I don’t have a whole lot of experience with IMUs. Currently I have the ICM 20948 module connected to an ESP32, using the Sparkfun library and this Mahony library.
The module is calibrated, and behaves as expected, in that if you slowly rotate it in a circle, it accurately shows your heading (yaw). But I’m surprised at the amount of noise. The attached image shows standard deviation of 14 degrees with the module sitting still. I tried a moving average but that slows response a lot and still deviates by half a degree. Is this what I should expect?
Second question: to reduce the possibility of I2C noise, I tried to remove the pull-up jumper on the board (the chip itself has a built-in pull-up). To remove the jumper, I cut the two tiny traces between the three rectangles in the relevant part of the board. Did I do that correctly?
Teleplot image here.
Please post images in line as shown below (drag them into the post editor window).
You do not appear to be calculating the standard deviation (root mean square difference) correctly, and the average seems to be drifting, suggesting that the gyro offsets are not well determined. Just eyeballing the plot on the left, I would guess that for a drift-free set of measurements, SD = ~3 degrees, which is perhaps a bit larger than one would expect from the combined noise figures in the sensor data sheet.

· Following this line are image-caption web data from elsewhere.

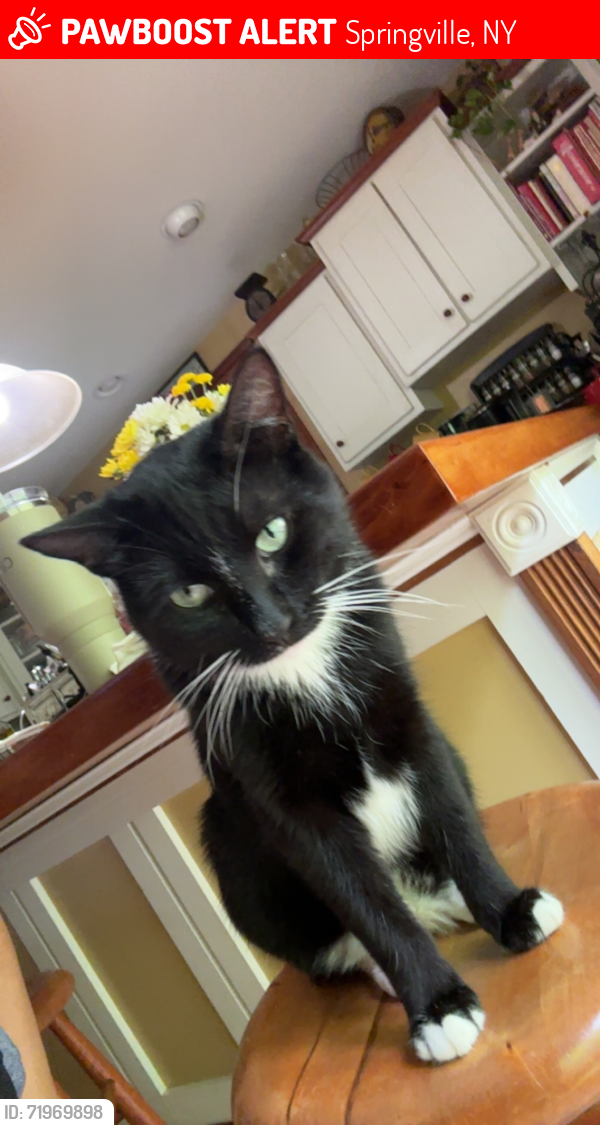 Lost Male Cat last seen Near Forevergreens tree farm, closest road intersections are bolton rd w/ gun barrel & block & folts, Springville, NY 14141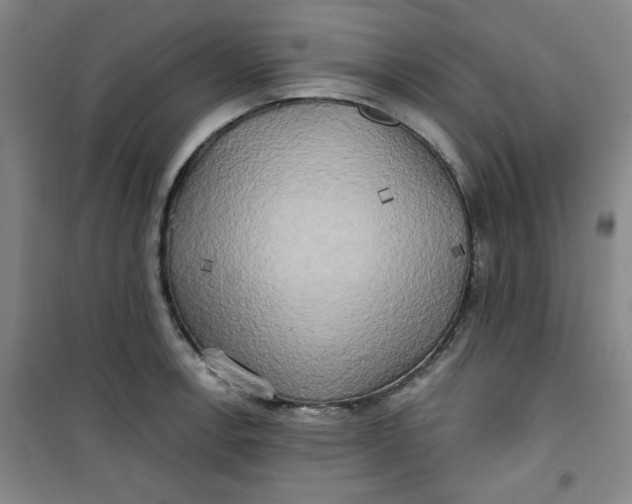 X0000100971138200807151345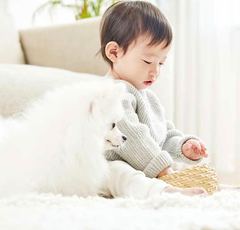 「ペットを飼いたい」子供の発言で親がまず考えるべきこと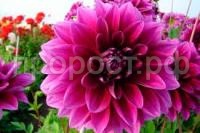 Без названия (1)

Thanks for that information. I am using ICM_20948_Mahony.ino, unmodified except for the Serial.print() to Teleplot. I got the gyro offsets from ICM_20948_get_cal_data.ino.
The offsets vary some, each time I run get_cal_data, even when the module is sitting still:
float G_offset[3] = {-18.3, 37.2, 24.8};
//G_offset[3] = {-15.2, 19.4, 14.1, };
//G_offset[3] = {-36.6, 29.0, 9.8, };
//G_offset[3] = {-23.0, 49.6, 22.5, };
I think the issue might be timing related. When I use the same code in another application, the IMU checks are less frequent, and the “noise” seems worse.
In the original code, I added a delay(100) to the loop() and I get this:
The error is very consistent. I’m still investigating, but haven’t seen anything obvious.
Also, if I uncomment the line:
Gxyz[0] = Gxyz[1] = Gxyz[2] = 0;
I get much more stable readings, but presumably then you’re not using the gyro at all?
That line sets all the gyro rotation rates for zero and is only there for testing purposes.
In the original code, I added a delay(100) to the loop()
That is a very bad idea. The IMU data have to be sampled very frequently or the numerical integration will fail. Even printing angles too often creates a problem.
The IMU sample and orientation update rate should be at least 50 Hz for good results.
If you want help with code problems, post the code, using code tags.
I put the IMU poll in a task loop running on core 1 and it seems to be working much better. Thank you for your help.